Actor Bradley Greenwald has a Christmas tree, but is it decorated? No, it is not. And he has a good reason — or, rather, two reasons.
Greenwald is in a pair of holiday shows: his ode to the winter solstice, "The Longest Night," at Open Eye Figure Theatre through Dec. 23, and James Sewell Ballet's "Nutcracker (Not So) Suite," in which he dons drag to play Mama Flo through Dec. 22.
The shows mostly are on different nights but he is performing 12 days in a row, and on Dec. 22 he'll do both. So unless his husband, Jungle Theater production stage manager John Novak, can manage it, that tree may not be trimmed anytime soon.
"These kinds of things happen every once in a while and you're always happy to make it work," says Greenwald, who was committed to "Nutcracker" when Open Eye suggested that he bring back "Longest Night" for the fourth time.

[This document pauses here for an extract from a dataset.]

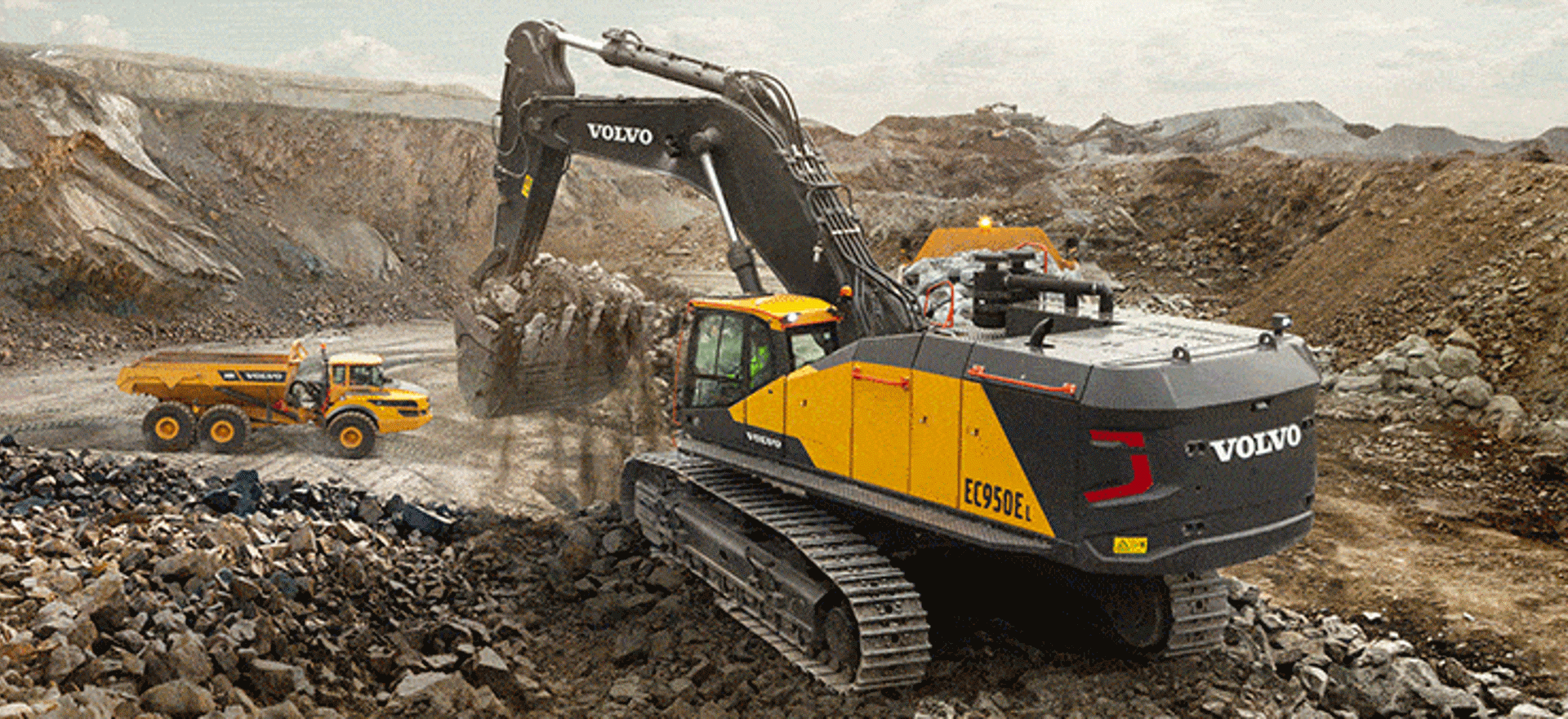Industry-leading productivity with Volvo’s complete range of mining champions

"Open Eye, being the wonderfully unconventional entity it is, said: 'Why don't we just do it on all the nights you're not doing 'Nutcracker?' "
That's why "Longest Night" is running on Mondays — a night when theaters are typically dark — and why the Dec. 22 matinee is at 2 p.m.
"I take the train to the Cowles [where 'Nutcracker' appears] and it takes me a full hour to get into drag. I wouldn't be able to do that if 'Longest Night' came down at 5:30, but this gives me time to get there and eat and paint my nails. Because I also realized that I should really remove the nail polish for 'Longest Night' or I'd have to explain it," says Greenwald.
Sue Haas, executive artistic director of Open Eye, is bummed that "Longest Night," a show about the solstice, couldn't swing a show on the solstice itself (there's a "Nutcracker" on Dec. 21), but says the show is selling like crazy.